確かに友人だった
医者の男は、誇張気味に大きなため息をつき、床で倒れる青年を足先でつついた。
「生きてる?」
焦げたような茶髪を半分ほどは埋めた白髪、眉間によったシワ、くたびれた表情は、彼がまだ齢29であることを疑わせる。
「なんとか……」
弱々しく、倒れ伏した青年から蚊の鳴くような青息吐息が漏れる。
「瀕死じゃん」
「たぶん風邪。

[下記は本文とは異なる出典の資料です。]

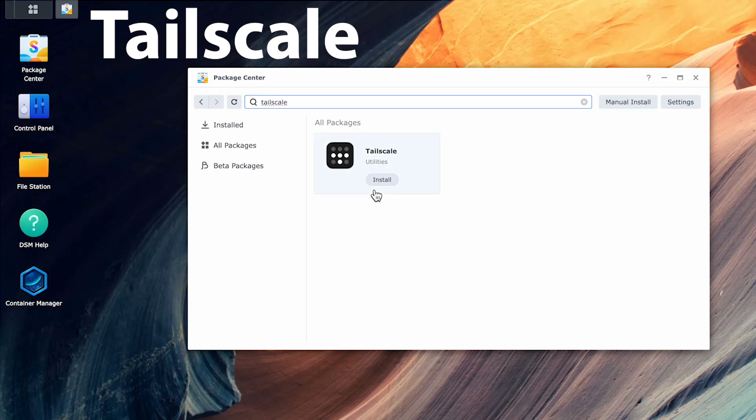In my continuing series on the Synology NAS, today's video will cover how to set up and use Tailscale on your device so that you can securely access your files remotely.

このどう考えても死にきれなさそうな感覚は絶対風邪」
亜麻色の髪を床からどうにか持ち上げ、青年はふらふらと椅子に手をつく。
「無理すんなよ……どうせ二徹とか三徹したとかだろ……?」
「三十路入ってから三徹無理なんだよね……」
「……あっ、そっかー……お前アラフォーだったね……」
頭を抑え、熱でぼんやりとした蒼い瞳が相手を映す。
「……メールしたら心配してくれる友達ってありがたいよね」
「何お前、珍しく素直じゃん」
「は?僕いつも素直なんだけど。本心しか言わないんだけど」
「あー、うんうん。いつものカミーユだわ」
水を差し出し、噎せながら飲む友を見て、男は言った。
「なぁ、カミーユ……あんまり思い詰めんなよ」
「ん、ありがとうグリゴリー」
それは、その光景は、有り得たかもしれない日常。
……メールの文面だけに残されたやり取りを、男は夢で見た。
男が友人の顔を初めて知ったのは、その日の昼間。……画家の故郷モントリオールでの葬儀の折だった。